Yhap studied at the Camberwell School of Art and the Slade School of Art. She was awarded a Leverhulme Travel Scholarship which she used to travel to Italy to research renaissance art and architecture. She also studied Chinese calligraphy for four years.

She moved to Hasting, Sussex, in 1967.

== Career ==
After graduating, Yhap first painted in an abstract style. She submitted a painting to an open exhibition called Young Contemporaries, and was referenced in an art critics review for The Daily Telegraph. Her first solo exhibition was held at the Piccadilly Gallery in London in 1968.

Yhap is best known for intricate paintings of the beach landscape and working fishermen on Stade Beach in Hastings, which she began painting in 1974. Her work is never painted on traditional canvas, as "I disliked canvas and the way its weave affected the brush stroke." Her surfaces instead incorporate driftwood and rope. Yhap is also known for portraiture.

Her work is held in the permanent collections of the Hastings Museum and Art Gallery, the Tate Gallery, the British Council and the New Hall Art Collection at the University of Cambridge.

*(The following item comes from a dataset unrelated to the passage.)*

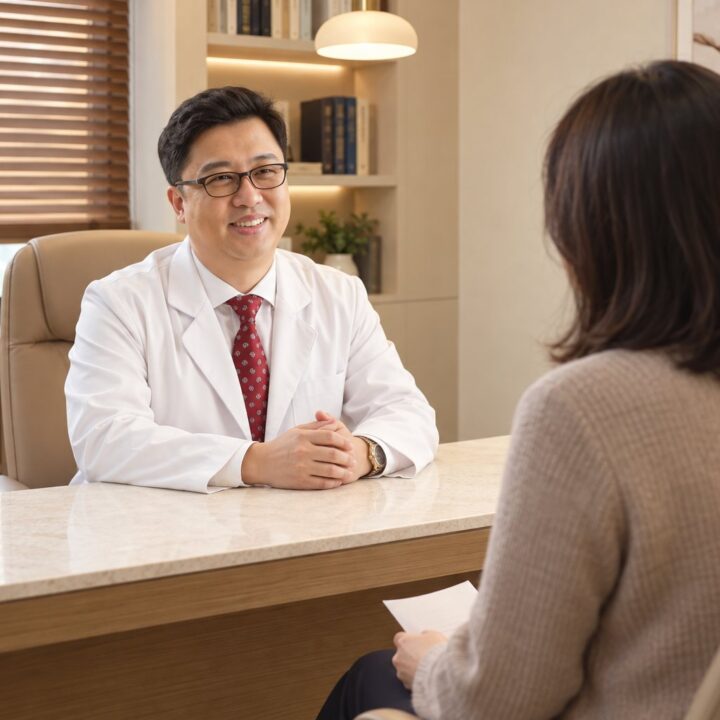 부천 자궁경부염 한약, 진료실에서 정하는 복용 종료 기준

Retrospective exhibitions of her work have been held in England and China. In 2020, the Yanlan Arts and Culture Foundation in Beijing, China, hosted Laetitia Yhap: Longings and Belonging. In 2021, Hastings Museum and Art Gallery hosted the exhibition My Vital Life – Laetitia Yhap at 80, in celebration of the life, work and eightieth birthday.

== Personal life ==
Yhap's partner was Michael Rycroft and they had a son, Ajax. She was previously married to the painter Jeffrey Camp RA.